Jockey retiring after thrilling win on Willie Mullins-trained Antey at Punchestown

A Punchestown festival already full of drama took another twist on Friday when the pioneering amateur jockey Katie Walsh retired from the saddle on the back of a superb winning final ride.

Walsh, 33, guided the Willie Mullins-trained Antey to a thrilling success and promptly announced it was her final ride.

The Irish Grand National and Cheltenham festival-winning jockey said: “This is it for me. I’ve had a marvellous career and have brilliant memories. It’s time for the next chapter in my life. I wanted to ride a winner on my last ride and go out on my own terms and I’m glad about that.”

She was surrounded by friends and family in the winners' enclosure, including her brother, champion jockey Ruby Walsh, her father, the trainer and television pundit Ted Walsh, and her husband, trainer Ross O'Sullivan.


The news came as a shock to many in the record 33,082 Ladies’ Day crowd, and Walsh received a guard of honour from her fellow riders as she weighed in following Antey’s 9-1 success.

“I’m delighted it’s here at Punchestown. I’ve been coming here since I was a kid. And I’m delighted it was for Willie. Without him I wouldn’t have had the career I’ve had.

“I’ve ridden winners in Cheltenham, France, Australia. I’ve ridden six times in the Aintree National. Like anyone I would have loved to have won an Aintree National. But every other dream I had has happened,” she added.

Pioneering career

It sees the end of a pioneering career in the saddle for the hugely popular jockey, who helped break new ground for female riders with high-profile victories such as winning the Irish Grand National in 2015 on Thunder And Roses.

She also rode three winners at the Cheltenham festival, the last of them just last month on Relegate in the Champion Bumper. Her third on Seabass in 2012 remains the closest a woman has come to riding a winner of the Aintree National.

Walsh wasn't supposed to ride Antey, but Noel Fehily was stood down after a fall earlier on the card and Walsh stepped in. She produced a superb performance to get the better of Barry Geraghty on the runner-up Shady Operator.

“It’s as good a day as any. It’s sad for Helen [Katie’s mother] and myself because we’ve had great fun with her. But she’s achieved more things than she could have dreamed. And it’s great she finished coming out the right side with a great rider like Barry,” an emotional Ted Walsh said.
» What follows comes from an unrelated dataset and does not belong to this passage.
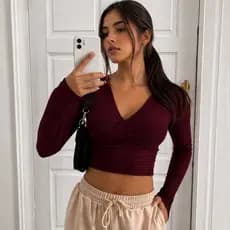 Kit 2 Blusa Feminina Cropped  Manga Longa Canelado transpassado
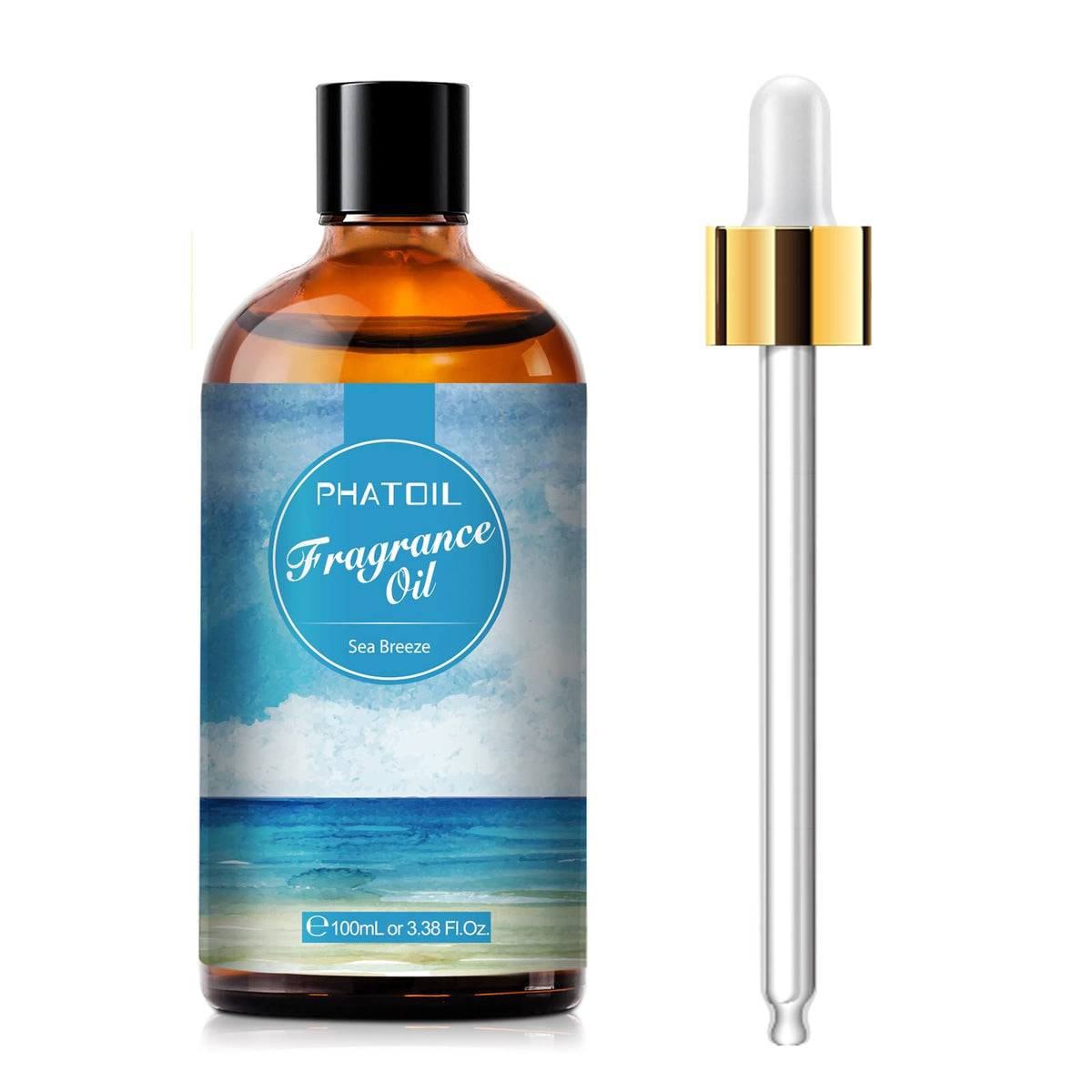 PHATOIL Sea Breeze fragrance oil in a UV-coated glass bottle with a dropper, 100ml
The news came the day before the National Hunt season finale when Willie Mullins will be crowned champion trainer for the 11th year in a row.

Mullins has an unassailable prizemoney lead of €541,258 over his great rival Gordon Elliott after picking up over €1.4 million this week alone.

Mullins had to settle for two winners on Friday but he has a remarkable €5,680,900 in the bag overall compared to the challenger’s €5,139,752. Mullins needs another two winners on Saturday to equal his record 2015 festival haul of 16.

Any last glimmer of a chance Elliott had to keep the title fight going to the end finished after Samcro lost his unbeaten record with a dramatic fall at the third last of Friday's Betdaq Champion Hurdle.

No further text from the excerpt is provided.